Killing a human wasn't difficult. Even a youma, the weakest of the forms that Chaos possessed, could manage it. Draining precious life energy until it was all spent could be done on a whim.

Alphonse could feel the life fading from his form. It was unlike anything he had felt before, except on that one day that the scar on his face would never let him forget. Then, as if struck by a mortal blow, he recognized the feeling.

Alphonse was going to die.

And it was in that moment of realization that the starseed in his chest was awoken.

It was like a flame of pure energy bursting from his chest. A once ordinary soul was shedding its once dull shine as a flower of fiery petals embraced the seed. It bloomed to unveil a pure starseed of the brightest hue.

The light burned the youma and it fell to dust before the boy. The sun once again shown upon the field. The cat leapt away onto a tree branch as it watched with gleaming eyes.

As the dust settled, a glowing object floated before Alphonse. It was a golden incense burner shaped like a gilded bird cage with a fragile chain dangling from it. The weapon emitted a pleasant scent. It was mesmerizing. The boy's eyes shone like spirited orbs as he stared in wonder at the thing. He believed that he had never seen something so beautiful in all his life.

Alphonse, without thinking and as if he was always meant to do so, embraced the pure light of the object and the spirit of the mythical wonder smiled upon the boy as his appearance changed in a rainbow of starlight.

The change only lasted a few mere seconds, but the feeling was one in which the boy had never felt.

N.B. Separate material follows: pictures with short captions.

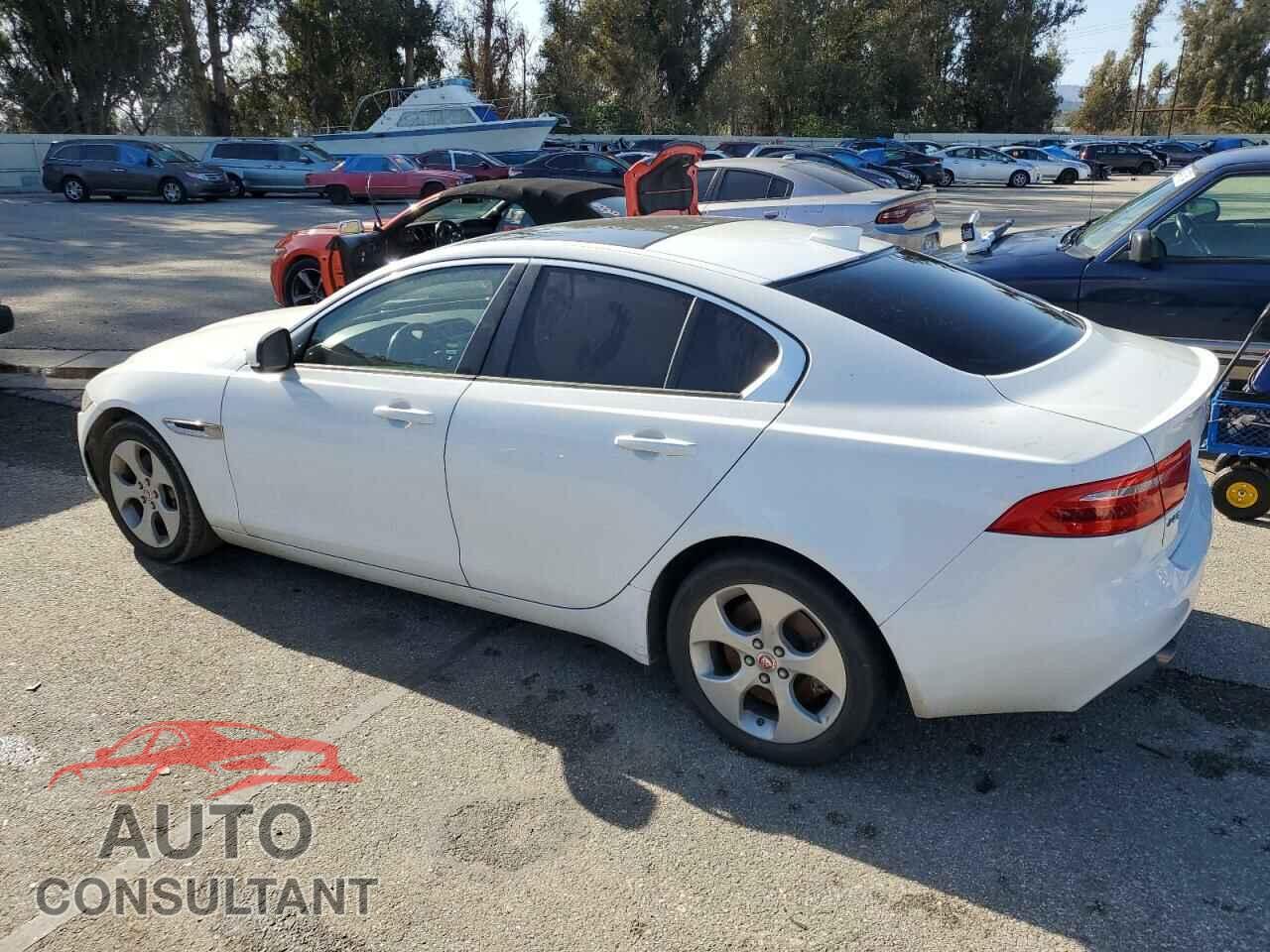 JAGUAR XE 2018 - SAJAR4FX0JCP40395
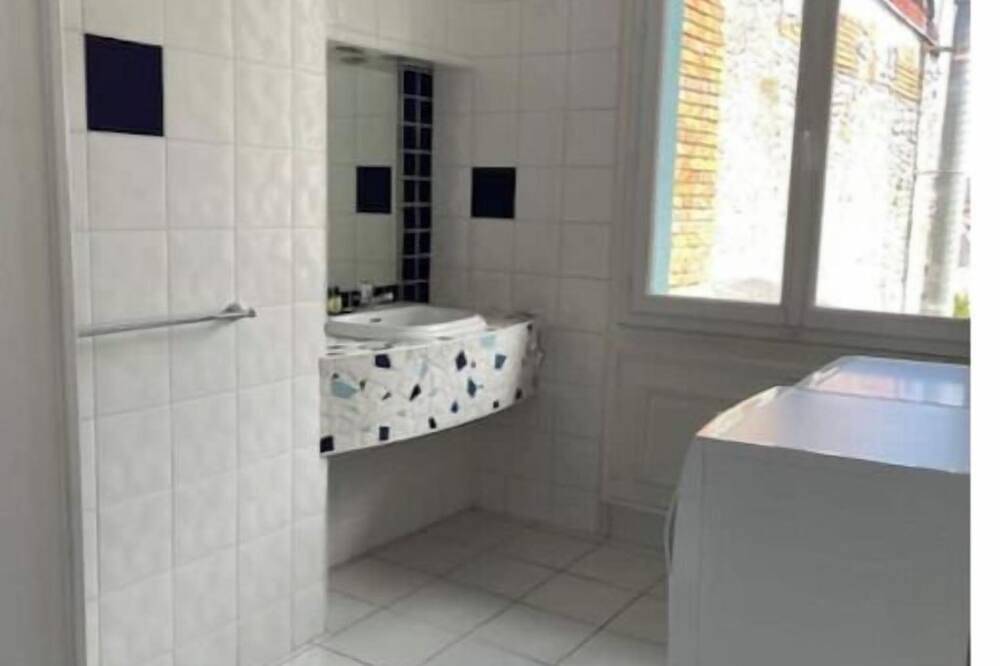 Appartement entier, Appartement spacieux de 100m2 6 personnes Lourdes in Lourdes, Hautes-Pyrénées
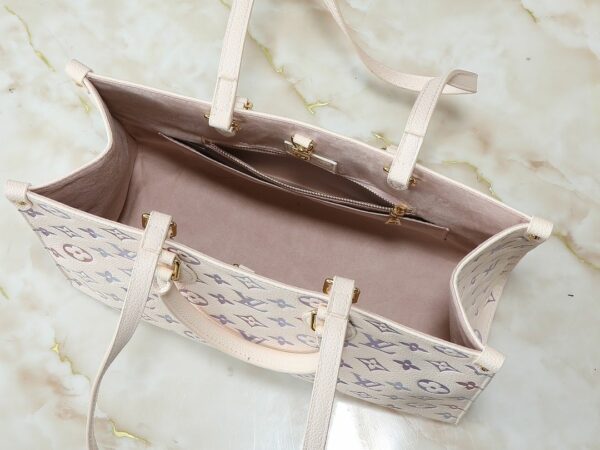 Luxury LV Handbag M45495-M22770
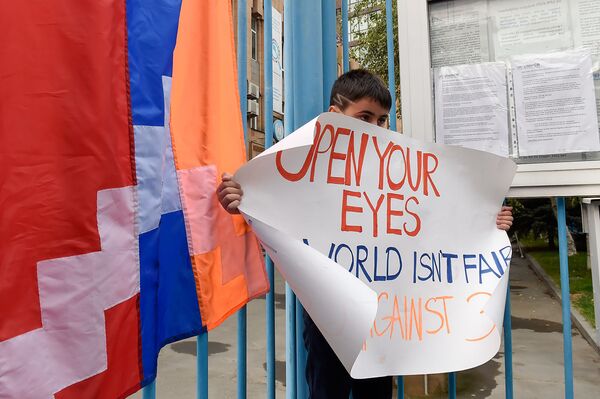 Откликнитесь на нашу боль: в Ереване проходят акции у посольства США и здания ООН Откликнитесь на нашу боль: в Ереване проходят акции у посольства США и здания ООН - Sputnik Армения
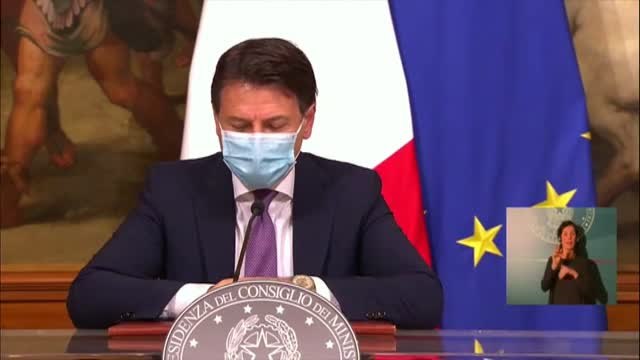 Boris Johnson presenta hoy el plan del confinamiento total en Inglaterra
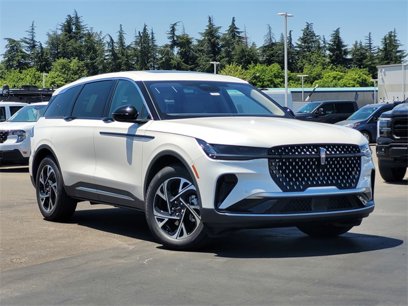 New 2025 Lincoln Nautilus Premier w/ Equipment Group 102A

A feeling he had never thought he would feel.

Belonging.

With a blissful, carefree smile on his face, Alphonse Wingates-St. Grey fainted.

It was only minutes later that he awoke in the field under the tree dreaming of the shinning white uniform, the golden incense burner and a maiden called Cosmos.

For a moment, Alphonse thought that he had dreamed the whole thing up in his mind.

But then he saw a cat watching him from a distance before knowingly slipping away.